Verfremdung. Bombardare la quarta parete Un intervento in forma di lettera di Claudio Morganti
di Claudio Morganti 3 febbraio 2011
Dopo l’articolo di Graziano Graziani sull’epica, l’etica e il pop e dopo la mia risposta (Contro il pop), Claudio Morganti mi ha scritto alcune mail su come andrebbe intesa, nell’unico luogo teorico possibile – cioè sulla scena – la verfremdung brechtiana e su quello che ho definito “drammatico”. Sono riflessioni cruciali e credo che meritino di essere lette dallo stesso pubblico che ha seguito il dibattito aperto da Graziano sulle forme epiche del teatro contemporaneo (a.s.)
1.Verfremdung
La tecnica dello straniamento andrebbe intesa come un elevato concetto da considerarsi in maniera trasversale e non come “forma” da individuare ed applicare.
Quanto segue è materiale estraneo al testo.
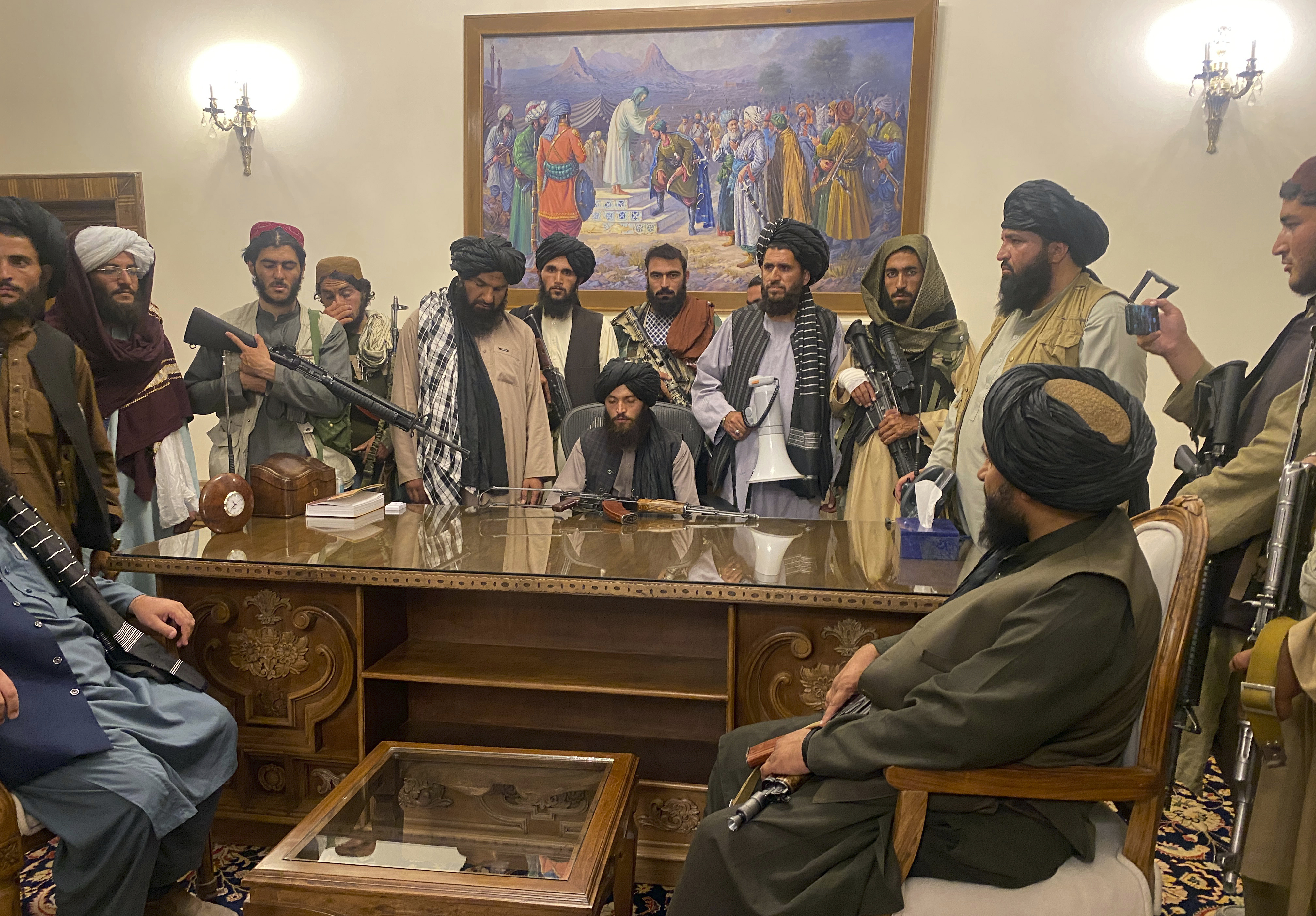 Taliban fighters take control of the Afghan presidential palace in Kabul, Afghanistan, after President Ashraf Ghani fled the country Aug. 15, 2021. Monday The Taliban are marking a year since they seized the Afghan capital.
L’attore dovrebbe innanzi tutto capire dove sta la “libertà nell’agire la scena”, poichè i moduli formali applicati reiteratamente (le presunte verità individuate) non sono azioni degne di uomini liberi, o se preferisci, non sono atti degni di liberi attori. Del resto, l’attore più Brechtiano che io conosca è Eduardo De Filippo. Il freddo.
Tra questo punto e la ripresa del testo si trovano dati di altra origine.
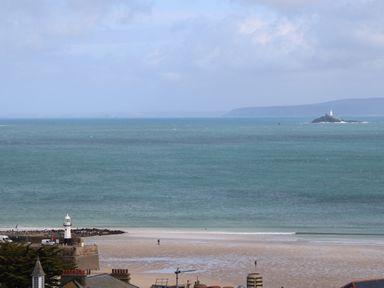 A coastal view with a beach lighthouse and an island lighthouse in the distance at Tredarn in Connor Downs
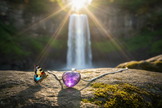 Amethyst heart pendant with butterfly on rock by waterfall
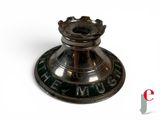 a silver candle holder on a white surface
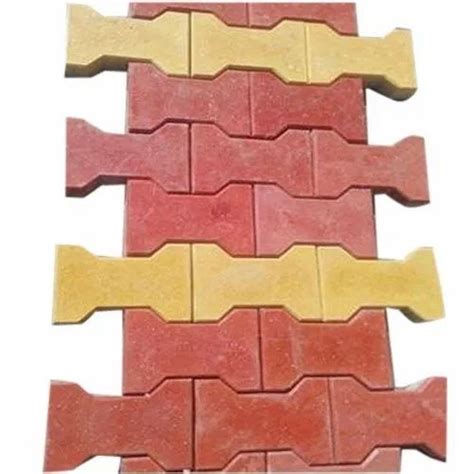 Red And Yellow Concrete Interlocking Dumbbell Paver Block At 14 Piece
Potrei pensare di recitare togliendo tutte le vocali dalle parole. Perchè no. E poi potrei provare a giustificare la cosa in questo modo : togliendo senso alle parole mi allontano dal coinvolgimento e dal personaggio, vi partecipo solo nella misura in cui mostro il mostrar me stesso che svolge un compito. Potrei in questo modo, creare uno stile, lo stile “avocalico” e potrei forse avere imitatori ed epigoni. Ma come farei a raschiarmi di dosso la crosta mortale della “replica”, del “modulo avocalico acquisito” e soprattutto quello stucchevole spettacolo del mostrar se stessi tout court? Credo che l’unico modo onesto che esista per “mostrare che si sta mostrando” sia bombardare la quarta parete. Ma bombardarla sul serio, non cambiargli la tappezzeria (come per esempio fanno i cabarettisti nostrani). Bombardare la quarta parete con l’arma della consapevolezza e della sana ragione. So bene che gli uomini, per qualche strano motivo che io non comprendo, sono portati a credere soprattutto in ciò che non vedono, ma sessant’anni dopo Brecht dovrebbe essere ormai aquisito il fatto che la quarta parete NON C’E’ !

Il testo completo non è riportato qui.